A strong growth streak over the last few quarters had investors feeling confident heading into Tractor Supply's (TSCO 2.20%) fiscal second quarter, which includes its peak spring selling season. The rural lifestyle retailer three months ago posted robust sales gains thanks to higher shopper spending and an expanding network of stores. Those successes were offset slightly by sluggish customer traffic rates.

Let's take a closer look at how those trends shifted during the all-important second quarter.

 Metric

Q2 2019

Q2 2018

Change

Revenue

$2.4 billion

$2.2 billion

6%

Net income

$219 million

$207 million

6%

EPS

$1.80

$1.69

7%

Data source: Tractor Supply financial filings. EPS = earnings per share.

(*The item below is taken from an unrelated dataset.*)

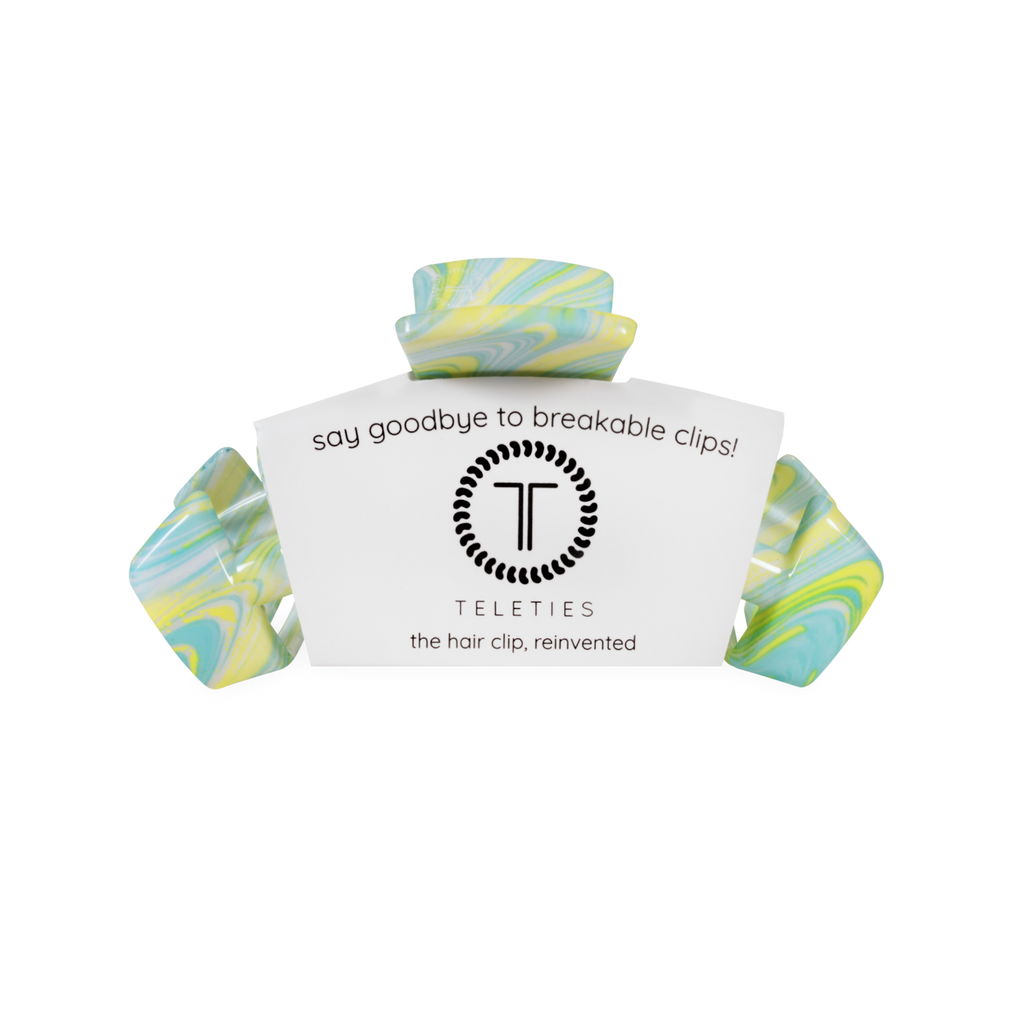 Classic | By the Sea Shore | Medium Hair Clip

What happened this quarter

Tractor Supply's sales growth pace slowed when compared to the prior quarter but surpassed management's full-year guidance. Profitability held up well, too, although customer traffic continued to slow.

A tractor at work on a farm.

Image source: Getty Images.

Highlights of the quarter include:

  • Tractor Supply's 6% revenue growth came from the combination of 15 new stores opened in the quarter and a 3% uptick in sales at existing locations, or comps. The comps metric marked a slowdown from the prior quarter's 5% boost but was on the high end of management's expectations for the full year. Comps gains included 2% higher spending and a 1% increase in customer traffic.
  • Gross profit margin held steady at 35% of sales thanks to firm pricing, robust demand for seasonal products, and fading pressures from freight cost spikes.
  • The retailer opened a new distribution facility, and expenses related to that launch pushed selling expenses slightly higher. As a result, operating income landed at $288 million, or 12.2% of sales, compared to $273 million, or 12.4% of sales, a year earlier. Lower tax expenses mostly offset that decline so that net margin dipped only slightly, to 9.3% of sales from 9.4% last year.

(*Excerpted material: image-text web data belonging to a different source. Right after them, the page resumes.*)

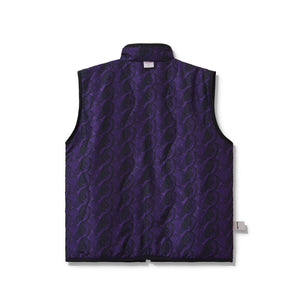 REVERSIBLE BLUE RAY VEST BLACK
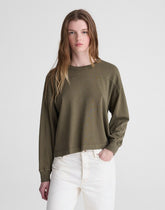 The Relaxed Long-Sleeve Tee FADED IVY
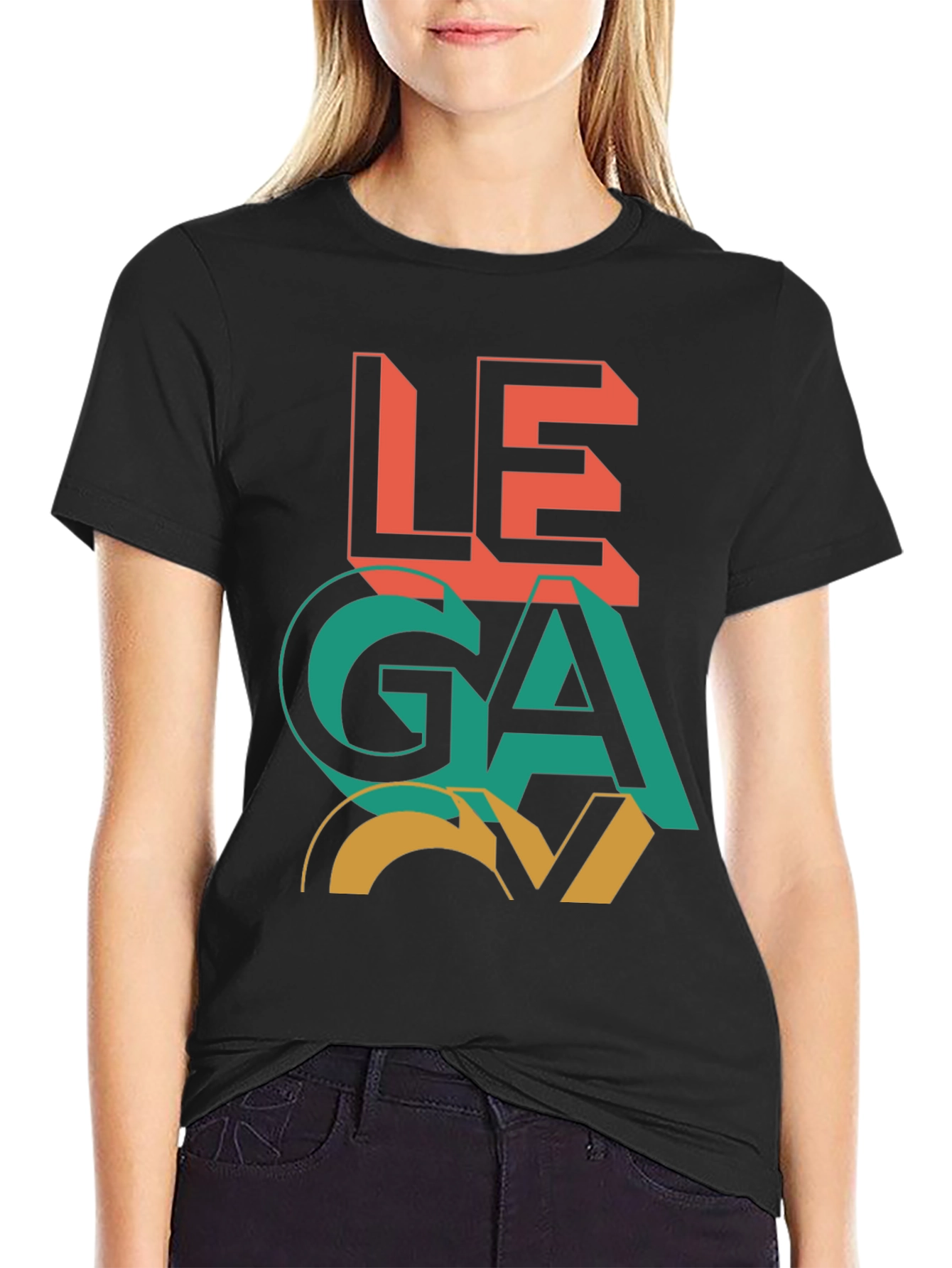 Legacy Graphic Tee - Bold Statement Shirt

What management had to say

CEO Greg Sandfort highlighted the chain's broad-based success in a key selling period for the business. "Comparable store sales growth of 3.2%," Sandfort said in a press release, "was driven by improvements in our average ticket and positive [customer traffic] counts, along with growth across all geographies." The company made more progress in its ONETractor strategy of delivering a seamless multichannel shopping experience, Sandfort said, including by adding a new distribution center and expanding its store base by 25 locations through the first half of 2019.

Looking forward

Tractor Supply updated its sales and profit outlook for the fiscal year. There was no change in the high end of the range that executives issued back in late January, for either revenue or earnings, but management boosted the low end of each range to reflect the healthy growth so far in 2019.

Specifically, comps are now on pace to rise by between 3% and 4% rather than the prior 2% to 4% prediction. Profit margin is still targeted to land at about 9% of sales, but the higher sales gains will lead to net income of between $562 million and $575 million. Tractor Supply's prior forecast had profits ending up between $555 million and $575 million. The company still plans to add about 80 new Tractor Supply locations in 2019 and as many as 15 new stores under the Petsense brand.